(Beginning of Data provided)

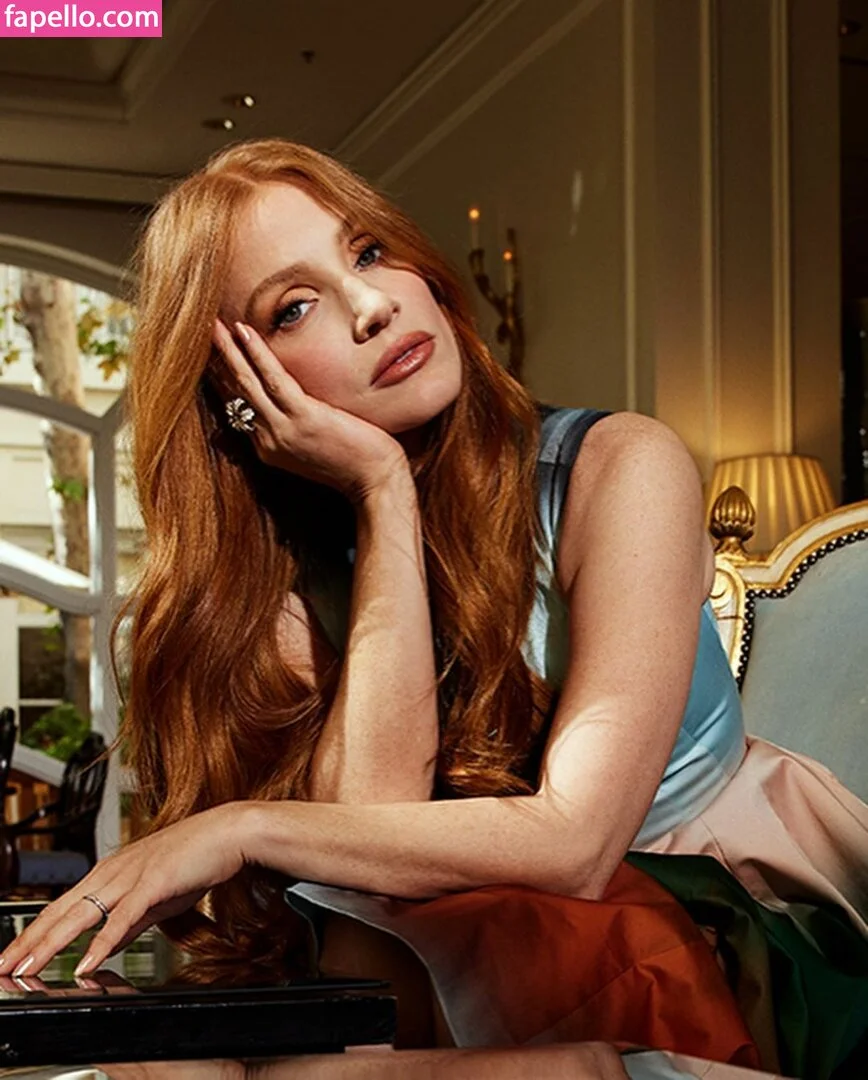 Jessica Chastain Onlyfans Photo Gallery 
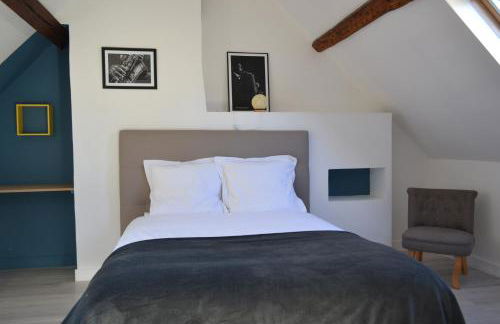 le silencio coeur de ville vu Cathédral - Foto 1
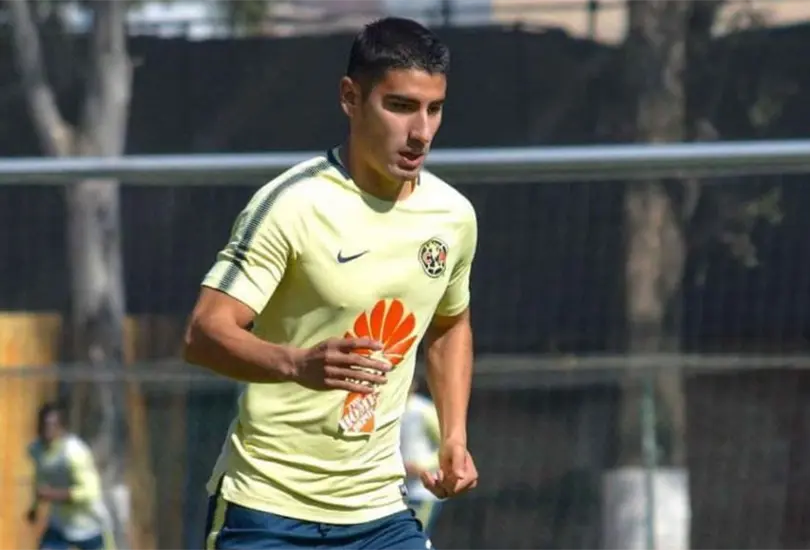 Aldo Cruz, el lateral despreciado en Am&eacute;rica que ahora juega en Tigres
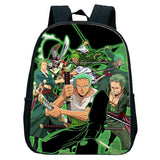 Roronoa Zoro Anime School Backpack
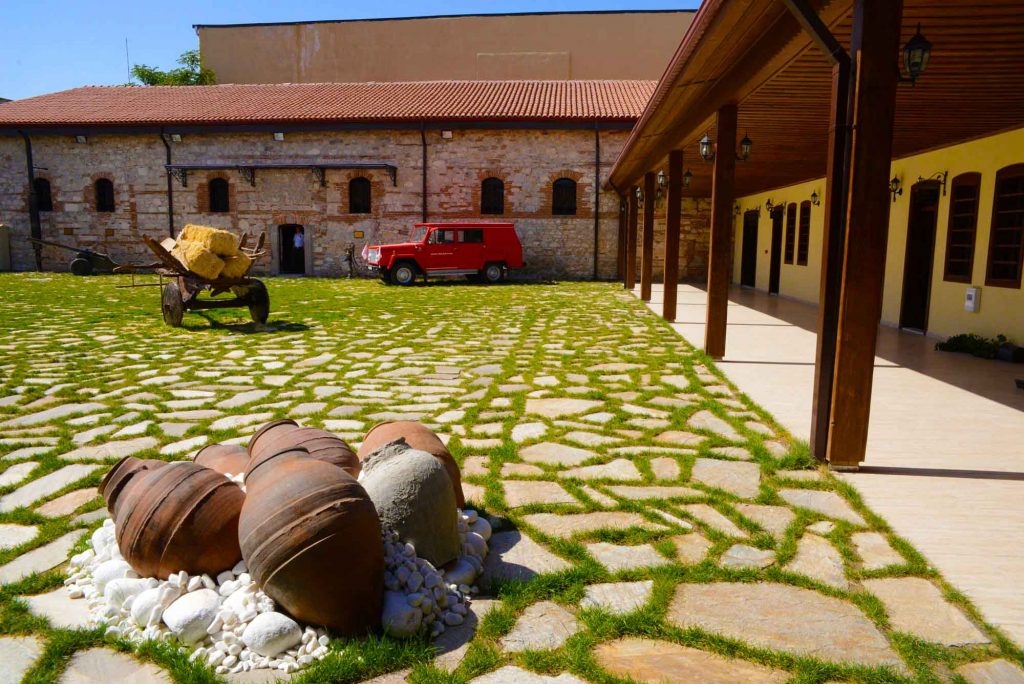 uşak kent tarihi müzesi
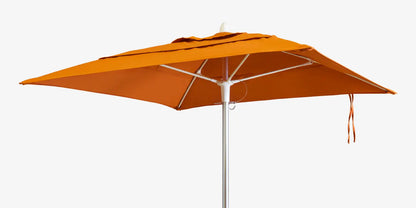 Rio 8' Square Umbrella Frame Only by DecoScape (5001-771)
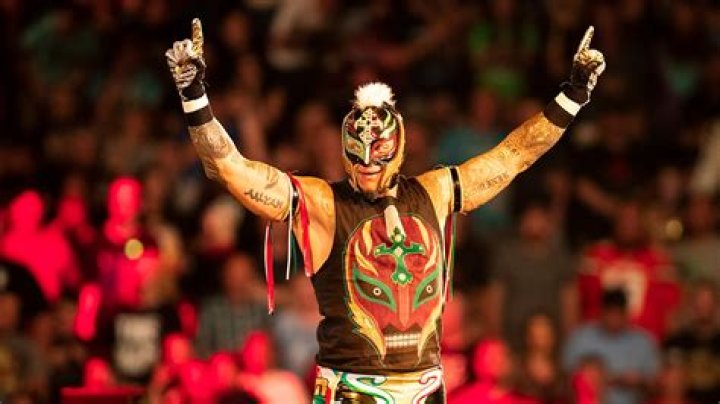 Rey Mysterio 'lost an eye' in last week's WWE Horror Show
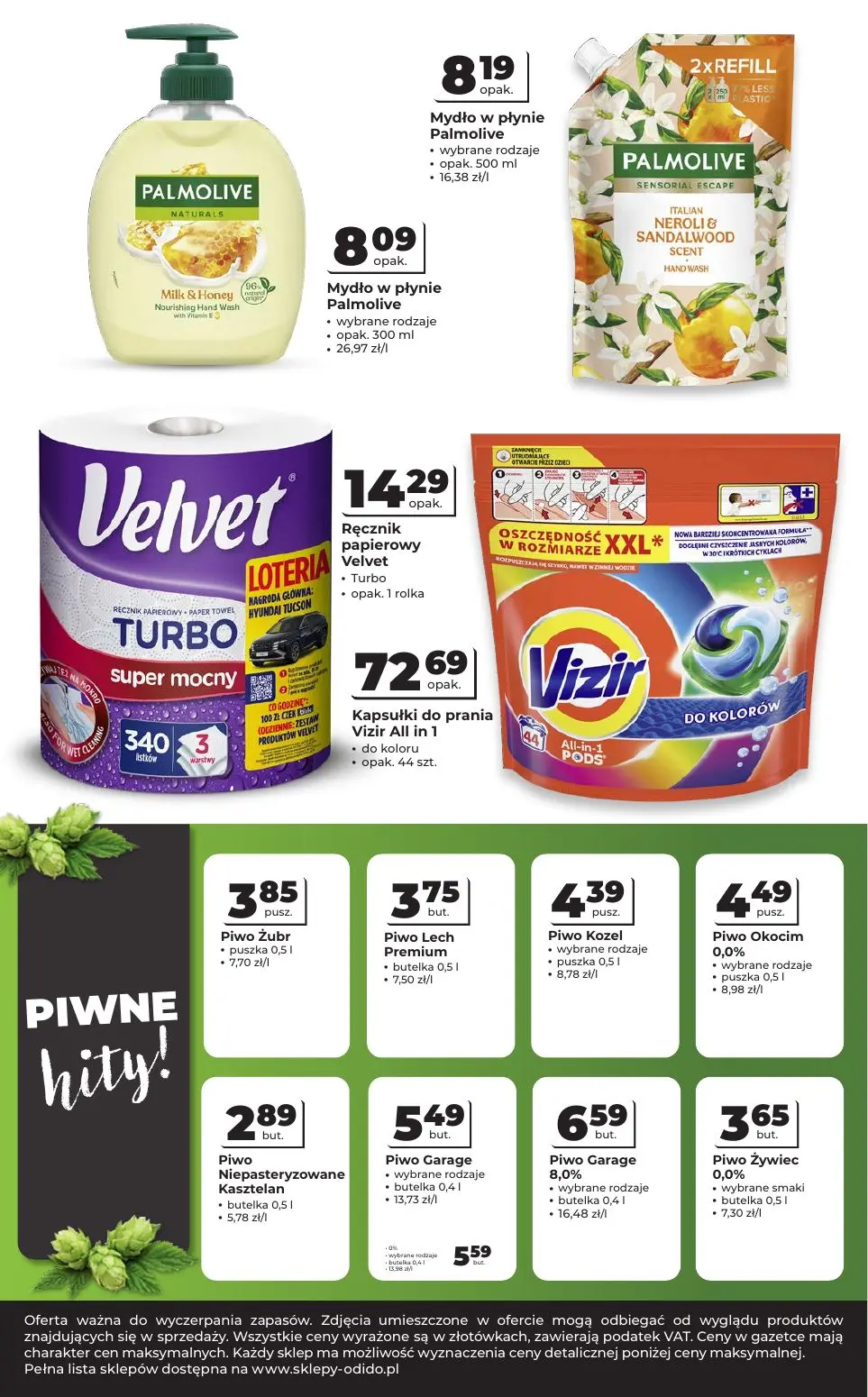 gazetka promocyjna Odido Idealne na śniadanie - Strona 8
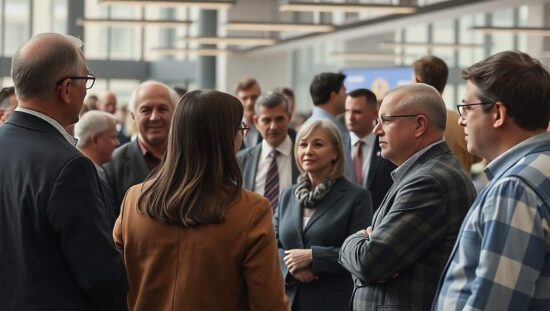 Left Party Eyes 20% Vote Share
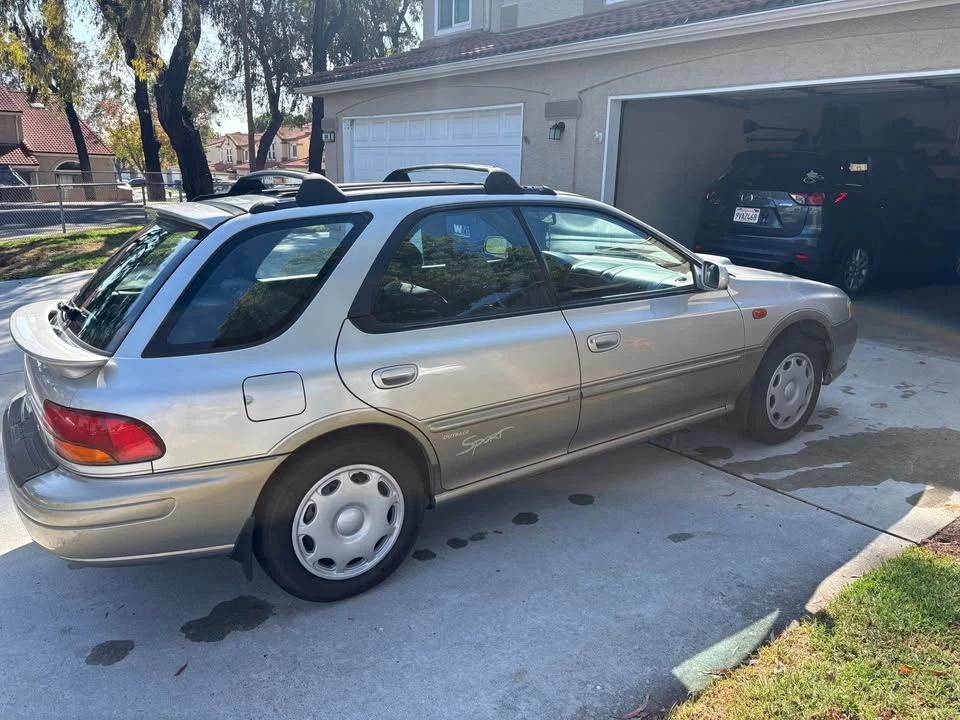 2001 Subaru Impreza 2nd Gen - Image 5 of 14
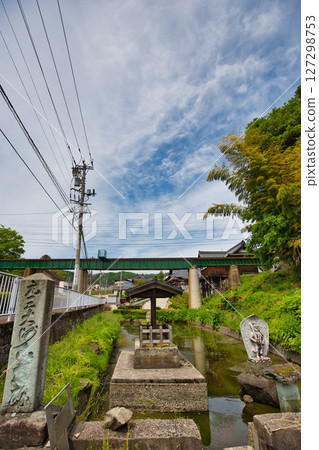 福井鐵道福武線沿線風景 福井鐵道福武線沿線風景 127298753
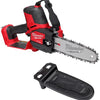 Milwaukee m18 fhs20-0 | sierra de podar a batería | hacha | 20cm | sin batería ni cargador - 4933480117 4933480117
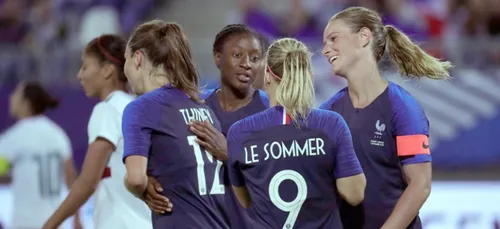 Coupe du monde de football féminin : ouverture (progressive) de la...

(End of Data provided)

Give back an exact repeat of the lines from the top of the data through the line that holds "Rio 8' Square", both included, and omit pictures.

> **Solution to the exercise**:
 Jessica Chastain Onlyfans Photo Gallery 
 le silencio coeur de ville vu Cathédral - Foto 1
 Aldo Cruz, el lateral despreciado en Am&eacute;rica que ahora juega en Tigres
 Roronoa Zoro Anime School Backpack
 uşak kent tarihi müzesi
 Rio 8' Square Umbrella Frame Only by DecoScape (5001-771)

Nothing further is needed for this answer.